▶ **Problem description**
Under this line are the records; write out word for word the part that begins at the line containing "Vibrant Coral Synthetic" and ends at the line containing "a blue icon of a smart tv", and no more.
══ Extracted entries
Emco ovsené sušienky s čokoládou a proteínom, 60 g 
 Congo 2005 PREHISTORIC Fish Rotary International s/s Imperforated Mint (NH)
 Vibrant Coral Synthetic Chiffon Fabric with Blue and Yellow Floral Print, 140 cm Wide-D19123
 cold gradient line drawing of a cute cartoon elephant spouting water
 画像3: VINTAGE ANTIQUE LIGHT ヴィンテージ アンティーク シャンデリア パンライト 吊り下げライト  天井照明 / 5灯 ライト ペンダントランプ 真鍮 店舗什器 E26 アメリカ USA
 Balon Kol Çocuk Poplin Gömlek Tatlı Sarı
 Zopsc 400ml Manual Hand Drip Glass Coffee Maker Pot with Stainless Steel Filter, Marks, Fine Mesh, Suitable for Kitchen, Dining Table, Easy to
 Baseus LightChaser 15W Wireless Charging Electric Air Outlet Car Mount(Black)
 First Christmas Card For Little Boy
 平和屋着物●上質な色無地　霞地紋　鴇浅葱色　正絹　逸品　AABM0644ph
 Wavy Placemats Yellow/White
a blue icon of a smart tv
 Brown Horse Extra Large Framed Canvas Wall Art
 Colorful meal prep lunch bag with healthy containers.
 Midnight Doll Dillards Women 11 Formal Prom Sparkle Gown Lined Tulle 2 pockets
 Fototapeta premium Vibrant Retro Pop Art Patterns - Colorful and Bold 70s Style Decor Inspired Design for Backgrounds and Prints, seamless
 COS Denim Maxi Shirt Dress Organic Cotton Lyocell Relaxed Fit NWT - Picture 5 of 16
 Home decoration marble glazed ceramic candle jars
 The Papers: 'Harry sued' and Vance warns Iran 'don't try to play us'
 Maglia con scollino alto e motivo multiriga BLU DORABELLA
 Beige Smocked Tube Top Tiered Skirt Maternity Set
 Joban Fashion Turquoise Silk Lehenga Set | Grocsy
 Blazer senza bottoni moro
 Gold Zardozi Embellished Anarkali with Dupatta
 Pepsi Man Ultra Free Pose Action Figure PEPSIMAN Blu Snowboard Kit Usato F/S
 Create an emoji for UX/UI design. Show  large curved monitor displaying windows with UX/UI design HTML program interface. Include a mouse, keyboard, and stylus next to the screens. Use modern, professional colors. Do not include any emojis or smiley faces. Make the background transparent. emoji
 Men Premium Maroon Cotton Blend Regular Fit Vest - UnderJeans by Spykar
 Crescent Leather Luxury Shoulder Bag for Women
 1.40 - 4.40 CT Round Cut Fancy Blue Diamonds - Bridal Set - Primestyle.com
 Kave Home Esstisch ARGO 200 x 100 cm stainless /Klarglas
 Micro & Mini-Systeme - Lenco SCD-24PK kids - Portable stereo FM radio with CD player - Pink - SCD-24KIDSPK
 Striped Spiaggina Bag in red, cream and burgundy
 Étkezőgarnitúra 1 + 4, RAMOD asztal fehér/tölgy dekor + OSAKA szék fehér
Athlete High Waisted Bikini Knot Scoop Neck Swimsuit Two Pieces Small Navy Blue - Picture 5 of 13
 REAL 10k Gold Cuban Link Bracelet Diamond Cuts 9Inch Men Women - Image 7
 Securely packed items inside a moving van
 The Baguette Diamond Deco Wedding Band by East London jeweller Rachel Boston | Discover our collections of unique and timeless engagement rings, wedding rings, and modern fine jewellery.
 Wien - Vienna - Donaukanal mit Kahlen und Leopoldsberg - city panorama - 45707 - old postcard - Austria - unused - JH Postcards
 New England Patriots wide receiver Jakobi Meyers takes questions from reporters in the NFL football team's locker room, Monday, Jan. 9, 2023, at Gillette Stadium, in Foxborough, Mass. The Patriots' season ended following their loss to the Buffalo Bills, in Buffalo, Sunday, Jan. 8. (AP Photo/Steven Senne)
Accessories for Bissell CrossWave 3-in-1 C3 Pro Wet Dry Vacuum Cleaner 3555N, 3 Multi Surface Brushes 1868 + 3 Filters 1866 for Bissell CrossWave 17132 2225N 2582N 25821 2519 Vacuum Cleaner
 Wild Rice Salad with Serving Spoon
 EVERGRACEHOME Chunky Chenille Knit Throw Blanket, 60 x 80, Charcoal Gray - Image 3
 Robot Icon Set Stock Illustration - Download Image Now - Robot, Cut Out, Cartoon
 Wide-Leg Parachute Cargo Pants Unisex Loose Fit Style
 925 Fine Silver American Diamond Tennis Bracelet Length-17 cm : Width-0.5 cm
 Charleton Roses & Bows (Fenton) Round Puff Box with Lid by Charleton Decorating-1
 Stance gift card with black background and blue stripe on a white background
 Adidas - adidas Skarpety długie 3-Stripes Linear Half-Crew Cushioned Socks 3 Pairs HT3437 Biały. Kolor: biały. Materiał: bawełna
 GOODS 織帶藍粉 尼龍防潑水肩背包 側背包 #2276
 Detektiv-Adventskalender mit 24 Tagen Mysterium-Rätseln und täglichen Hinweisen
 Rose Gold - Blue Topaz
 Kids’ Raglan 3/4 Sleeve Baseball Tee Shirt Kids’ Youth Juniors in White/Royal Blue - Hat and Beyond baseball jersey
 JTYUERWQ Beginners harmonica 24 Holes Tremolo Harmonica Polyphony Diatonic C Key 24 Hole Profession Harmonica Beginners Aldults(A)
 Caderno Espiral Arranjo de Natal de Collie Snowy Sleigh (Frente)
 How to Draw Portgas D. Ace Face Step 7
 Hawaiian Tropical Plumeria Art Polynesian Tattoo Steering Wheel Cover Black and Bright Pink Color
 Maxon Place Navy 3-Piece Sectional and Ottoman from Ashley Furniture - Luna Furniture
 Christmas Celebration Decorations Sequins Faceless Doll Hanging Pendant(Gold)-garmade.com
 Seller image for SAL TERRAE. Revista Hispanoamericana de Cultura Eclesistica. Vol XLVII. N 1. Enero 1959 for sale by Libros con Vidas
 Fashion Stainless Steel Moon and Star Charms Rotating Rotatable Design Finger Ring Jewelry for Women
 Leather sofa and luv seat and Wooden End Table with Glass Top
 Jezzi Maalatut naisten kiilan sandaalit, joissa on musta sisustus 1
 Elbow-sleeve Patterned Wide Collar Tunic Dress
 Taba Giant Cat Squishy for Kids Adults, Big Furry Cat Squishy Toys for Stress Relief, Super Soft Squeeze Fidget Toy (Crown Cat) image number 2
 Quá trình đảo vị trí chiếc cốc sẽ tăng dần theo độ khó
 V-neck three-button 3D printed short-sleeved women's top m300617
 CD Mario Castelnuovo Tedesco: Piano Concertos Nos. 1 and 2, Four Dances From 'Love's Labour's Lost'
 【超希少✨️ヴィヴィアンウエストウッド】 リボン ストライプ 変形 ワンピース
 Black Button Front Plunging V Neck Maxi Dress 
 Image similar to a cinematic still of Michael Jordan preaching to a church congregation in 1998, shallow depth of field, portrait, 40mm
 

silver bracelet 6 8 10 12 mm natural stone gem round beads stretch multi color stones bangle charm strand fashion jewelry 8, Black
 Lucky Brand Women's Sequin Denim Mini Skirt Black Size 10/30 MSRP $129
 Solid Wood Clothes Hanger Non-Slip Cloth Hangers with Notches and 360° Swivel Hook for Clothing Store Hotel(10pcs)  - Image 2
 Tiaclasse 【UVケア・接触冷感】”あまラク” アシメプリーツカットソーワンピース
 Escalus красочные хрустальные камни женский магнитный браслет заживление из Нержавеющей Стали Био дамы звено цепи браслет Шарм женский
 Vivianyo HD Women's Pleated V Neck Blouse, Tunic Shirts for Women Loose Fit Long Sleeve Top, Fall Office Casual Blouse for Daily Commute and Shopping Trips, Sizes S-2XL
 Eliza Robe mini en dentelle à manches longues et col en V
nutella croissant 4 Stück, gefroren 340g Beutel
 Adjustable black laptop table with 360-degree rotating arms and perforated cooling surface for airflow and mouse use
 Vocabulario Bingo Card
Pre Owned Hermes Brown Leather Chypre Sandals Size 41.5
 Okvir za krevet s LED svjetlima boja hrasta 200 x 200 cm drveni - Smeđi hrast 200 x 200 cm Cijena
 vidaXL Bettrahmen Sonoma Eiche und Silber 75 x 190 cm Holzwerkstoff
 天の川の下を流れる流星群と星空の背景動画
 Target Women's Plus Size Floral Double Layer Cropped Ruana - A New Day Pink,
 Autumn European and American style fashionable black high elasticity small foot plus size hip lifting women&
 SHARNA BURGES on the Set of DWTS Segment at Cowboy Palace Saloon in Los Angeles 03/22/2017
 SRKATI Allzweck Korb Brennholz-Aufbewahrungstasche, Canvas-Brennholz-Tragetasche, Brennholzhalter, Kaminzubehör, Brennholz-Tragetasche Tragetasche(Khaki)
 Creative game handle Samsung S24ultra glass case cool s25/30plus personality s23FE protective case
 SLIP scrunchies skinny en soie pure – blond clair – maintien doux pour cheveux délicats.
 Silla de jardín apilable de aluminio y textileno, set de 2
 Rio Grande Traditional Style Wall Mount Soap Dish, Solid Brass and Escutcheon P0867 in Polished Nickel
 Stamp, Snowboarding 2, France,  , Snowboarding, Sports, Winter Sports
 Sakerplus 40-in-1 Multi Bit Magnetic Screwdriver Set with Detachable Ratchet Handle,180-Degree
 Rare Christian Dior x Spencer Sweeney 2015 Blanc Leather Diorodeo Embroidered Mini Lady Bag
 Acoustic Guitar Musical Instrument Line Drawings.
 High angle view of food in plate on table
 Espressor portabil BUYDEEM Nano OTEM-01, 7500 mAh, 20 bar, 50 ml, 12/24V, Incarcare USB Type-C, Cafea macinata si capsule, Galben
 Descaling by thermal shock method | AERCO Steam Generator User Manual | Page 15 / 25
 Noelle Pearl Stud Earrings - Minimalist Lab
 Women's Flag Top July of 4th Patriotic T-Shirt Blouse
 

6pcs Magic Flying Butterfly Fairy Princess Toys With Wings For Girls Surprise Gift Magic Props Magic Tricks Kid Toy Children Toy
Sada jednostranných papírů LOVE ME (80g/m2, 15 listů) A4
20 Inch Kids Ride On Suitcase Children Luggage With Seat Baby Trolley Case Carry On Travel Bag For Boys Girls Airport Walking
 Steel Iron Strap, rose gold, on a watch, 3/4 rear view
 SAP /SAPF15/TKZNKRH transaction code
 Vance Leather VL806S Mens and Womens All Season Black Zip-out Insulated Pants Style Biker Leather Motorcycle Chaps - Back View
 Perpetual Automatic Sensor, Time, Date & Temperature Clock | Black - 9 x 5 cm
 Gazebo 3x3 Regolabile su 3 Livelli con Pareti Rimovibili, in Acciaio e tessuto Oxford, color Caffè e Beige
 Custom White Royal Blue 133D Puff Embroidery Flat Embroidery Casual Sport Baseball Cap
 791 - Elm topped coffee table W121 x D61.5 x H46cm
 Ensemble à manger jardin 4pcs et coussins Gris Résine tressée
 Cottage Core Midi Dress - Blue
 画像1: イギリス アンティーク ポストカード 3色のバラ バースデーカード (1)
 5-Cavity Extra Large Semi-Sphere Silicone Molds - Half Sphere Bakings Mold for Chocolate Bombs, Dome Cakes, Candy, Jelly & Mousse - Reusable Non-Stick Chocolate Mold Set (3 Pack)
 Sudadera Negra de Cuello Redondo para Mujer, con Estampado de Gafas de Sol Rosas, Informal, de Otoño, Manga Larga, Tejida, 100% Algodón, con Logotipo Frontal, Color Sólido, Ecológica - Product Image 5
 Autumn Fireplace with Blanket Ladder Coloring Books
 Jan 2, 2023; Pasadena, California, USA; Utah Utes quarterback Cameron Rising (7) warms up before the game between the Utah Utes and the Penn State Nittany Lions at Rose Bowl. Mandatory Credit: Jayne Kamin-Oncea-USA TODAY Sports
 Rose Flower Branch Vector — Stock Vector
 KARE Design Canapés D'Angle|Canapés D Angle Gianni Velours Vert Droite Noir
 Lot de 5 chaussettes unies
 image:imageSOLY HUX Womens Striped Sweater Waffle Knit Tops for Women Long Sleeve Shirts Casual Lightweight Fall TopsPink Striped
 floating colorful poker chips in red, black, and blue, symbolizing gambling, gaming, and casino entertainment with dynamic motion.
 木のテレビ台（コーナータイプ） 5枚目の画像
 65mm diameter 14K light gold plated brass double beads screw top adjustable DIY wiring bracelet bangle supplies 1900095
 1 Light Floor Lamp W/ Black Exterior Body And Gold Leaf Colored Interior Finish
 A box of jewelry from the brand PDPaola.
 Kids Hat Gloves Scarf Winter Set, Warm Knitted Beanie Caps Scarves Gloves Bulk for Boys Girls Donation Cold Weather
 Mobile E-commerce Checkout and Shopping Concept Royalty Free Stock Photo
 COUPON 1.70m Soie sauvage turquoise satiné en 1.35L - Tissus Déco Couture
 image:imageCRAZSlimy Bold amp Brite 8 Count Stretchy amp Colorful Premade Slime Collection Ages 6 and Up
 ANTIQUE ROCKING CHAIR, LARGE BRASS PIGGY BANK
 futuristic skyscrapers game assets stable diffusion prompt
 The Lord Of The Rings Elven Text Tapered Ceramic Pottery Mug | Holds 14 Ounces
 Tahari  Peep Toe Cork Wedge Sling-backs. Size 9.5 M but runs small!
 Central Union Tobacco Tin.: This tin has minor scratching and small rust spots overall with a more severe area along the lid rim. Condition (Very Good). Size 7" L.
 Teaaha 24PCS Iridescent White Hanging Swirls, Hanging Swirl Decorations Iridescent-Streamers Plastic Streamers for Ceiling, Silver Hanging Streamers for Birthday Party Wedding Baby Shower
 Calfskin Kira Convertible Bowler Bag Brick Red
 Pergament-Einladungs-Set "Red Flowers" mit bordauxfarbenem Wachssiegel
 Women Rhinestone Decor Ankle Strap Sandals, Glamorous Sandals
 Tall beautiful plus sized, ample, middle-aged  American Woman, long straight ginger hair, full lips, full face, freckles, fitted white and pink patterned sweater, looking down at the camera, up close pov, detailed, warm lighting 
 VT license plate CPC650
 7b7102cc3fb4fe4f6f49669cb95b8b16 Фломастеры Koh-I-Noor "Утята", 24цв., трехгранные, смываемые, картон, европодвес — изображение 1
════
▶ **Written response**
 Vibrant Coral Synthetic Chiffon Fabric with Blue and Yellow Floral Print, 140 cm Wide-D19123
 cold gradient line drawing of a cute cartoon elephant spouting water
 画像3: VINTAGE ANTIQUE LIGHT ヴィンテージ アンティーク シャンデリア パンライト 吊り下げライト  天井照明 / 5灯 ライト ペンダントランプ 真鍮 店舗什器 E26 アメリカ USA
 Balon Kol Çocuk Poplin Gömlek Tatlı Sarı
 Zopsc 400ml Manual Hand Drip Glass Coffee Maker Pot with Stainless Steel Filter, Marks, Fine Mesh, Suitable for Kitchen, Dining Table, Easy to
 Baseus LightChaser 15W Wireless Charging Electric Air Outlet Car Mount(Black)
 First Christmas Card For Little Boy
 平和屋着物●上質な色無地　霞地紋　鴇浅葱色　正絹　逸品　AABM0644ph
 Wavy Placemats Yellow/White
a blue icon of a smart tv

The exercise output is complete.